Thirty on the Thirtieth

It all seemed so logical and simple at the time.  Standing next to his white Datsun B210 in shorts, t-shirt, white knee high sox and tennis shoes, Jack turned toward the apartment door where I stood and asked, "Would you like to go to Las Vegas with me?" Looking perplexed at his question, he then added, "And maybe get married."  "Maybe?" I squeaked and then screamed.  "Yes, let's just get married while we are there."   After all, my parents met during World War II and married within months of my father's discharge.  A simple Las Vegas wedding in The Little Chapel of the West had served them well, through nearly forty years of marriage.

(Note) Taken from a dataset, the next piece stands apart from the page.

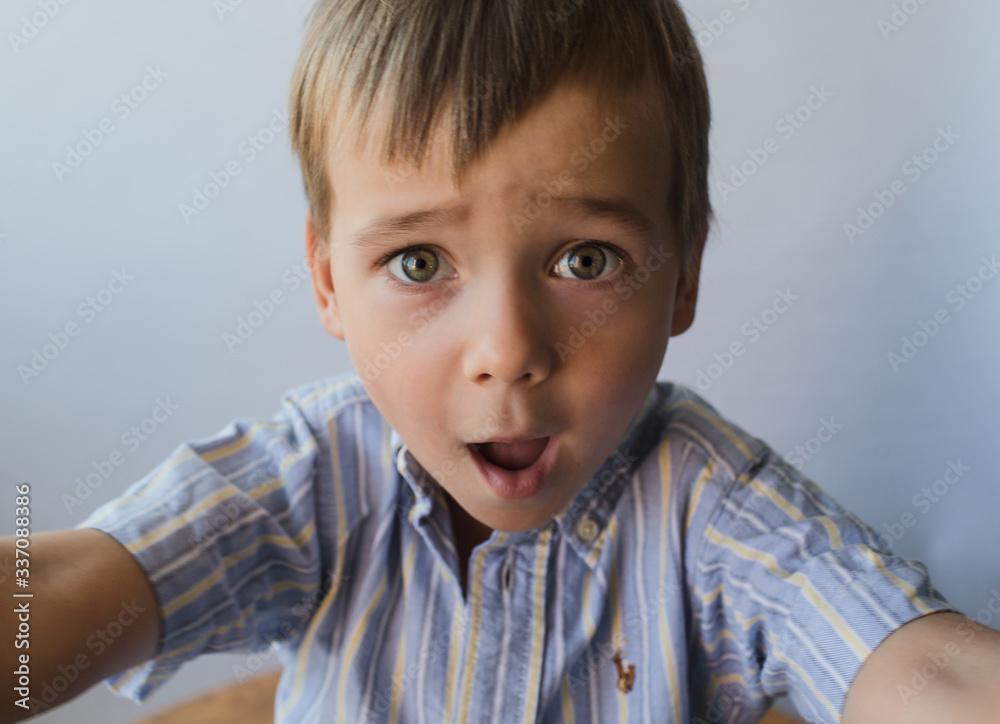 A child in a blue shirt on a white background looks at the frame in surprise. A child in a blue shirt on a white background looks at the frame in surprise.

In the two years we had known each other I had left a job and returned to it a year later; he had been laid off due to the oil bust in Oklahoma but was now working again full time at CMI.  Our kids were nearly the same age, pre-teens; my daughter and his two sons got along when we spent Saturday afternoons at the Duck Pond running, staying fit, and eating greasy hamburgers at O'Connell's Irish Pub on campus.  He already owned a suit and tie and I just needed a new dress that could be worn for a variety of occasions.   Simple.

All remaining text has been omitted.